So, this paper does not support American Compass's position that anything bad has happened; instead, it argues that any employment increase seen in finance is essentially a reversion to a state where skilled workers' creativity is no longer inhibited. Another of the three papers is a Kelley School of Business working paper from 2022 by Nandini Gupta and Isaac Hacamo. This paper is an even stranger choice for American Compass to cite as proof of some kind of harm caused by financialization (or coin‐flip capitalism). It shows that the net effects of people working in finance boost entrepreneurship. Here is the relevant language (from two separate paragraphs on page 4 of the paper): Our results show that the finance wage premium increases overall entrepreneurship. This may occur because engineer‐financiers are more likely to become entrepreneurs.
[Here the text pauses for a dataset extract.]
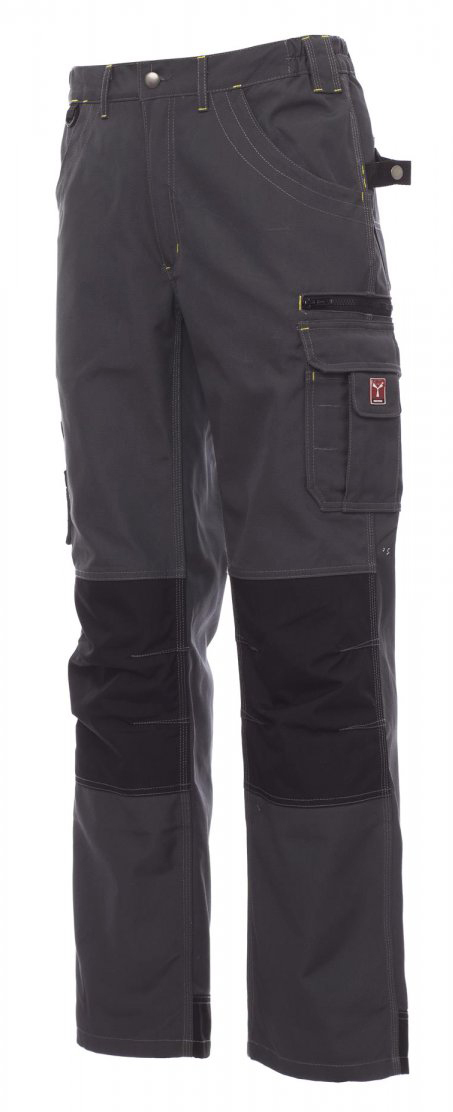 Payper VIKING Pracovné nohavice 40, Smoke-Black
Or, because talented engineers in finance facilitate entrepreneurship by others. We find that engineers who take finance jobs are less likely to subsequently start firms. Therefore, we study a potential peer effects mechanism where engineer‐financiers may help their classmates become entrepreneurs. … We find the following results: First, we show that top engineers exposed to a higher finance wage premium at graduation are more likely to take jobs in entrepreneurial finance (EF) jobs in venture capital, private equity, and investment banking. Second, we show that engineers who don't take finance jobs are more likely to become transformational entrepreneurs the more classmates from the same school‐major‐graduation year who are in venture capital, private equity, and investment banking firms. For example, an engineer with 5 classmates in entrepreneurial finance jobs is 9% more likely to become an entrepreneur and 18% more likely to create a transformational firm that issues patents, employs workers, and has a successful exit, relative to the mean.
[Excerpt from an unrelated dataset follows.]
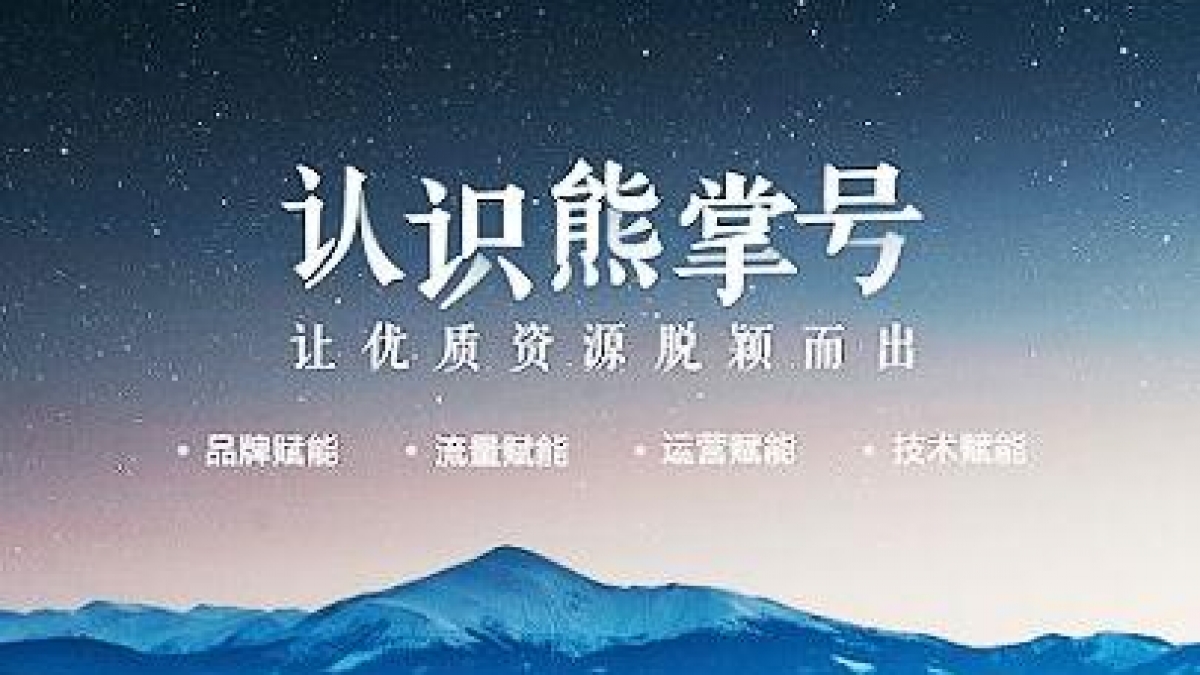 卡卡西科技建议所有武汉企业网站开通熊掌号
At the very least, the paper's results are consistent with the literature on peer‐effects "whereby engineers in investment banking type jobs help their classmates start transformational firms." Obviously, it's very odd to cite this paper as evidence that financialization is some kind of blight on capitalism. It implies the opposite: the overall labor market trend is good for the economy. The third paper is a 2022 working paper by Giovanni Marin and Francesco Vona, and the evidence it provides does not show that finance is now claiming a disproportionate share of STEM talent. For instance, the authors show that the probability a STEM graduate starts working in finance rose between 1980 and 2019, from 4 percent to 6.8 percent. However, they also report a substantial increase for non‐STEM graduates – it rose from 6.5 percent in 1980 to 8.2 percent in 2019. (See page 9.) The authors of this third paper also report (see pages 3 and 4) that they "observe a pronounced task reorientation towards math in finance and business occupations, which is associated with a change in the types of education required in these occupations." (Emphasis added.) In other words, they observe a change in education requirements for multiple occupations, one that (especially in finance) is "more pronounced among experienced workers."[2] Additionally, the paper corroborates that the drift of STEM graduates to finance is simply a result of people finding the best match of talent and innovation: These empirical patterns are associated with profound technological changes affecting the financial industry more than the rest of the economy. Finance is an information‐intensive industry that benefited from improvements in information and communication technologies (ICT) more than other industries did. The STEM biasedness in the demand of college graduates is consistent with the complementarity between ICT technologies and STEM graduates.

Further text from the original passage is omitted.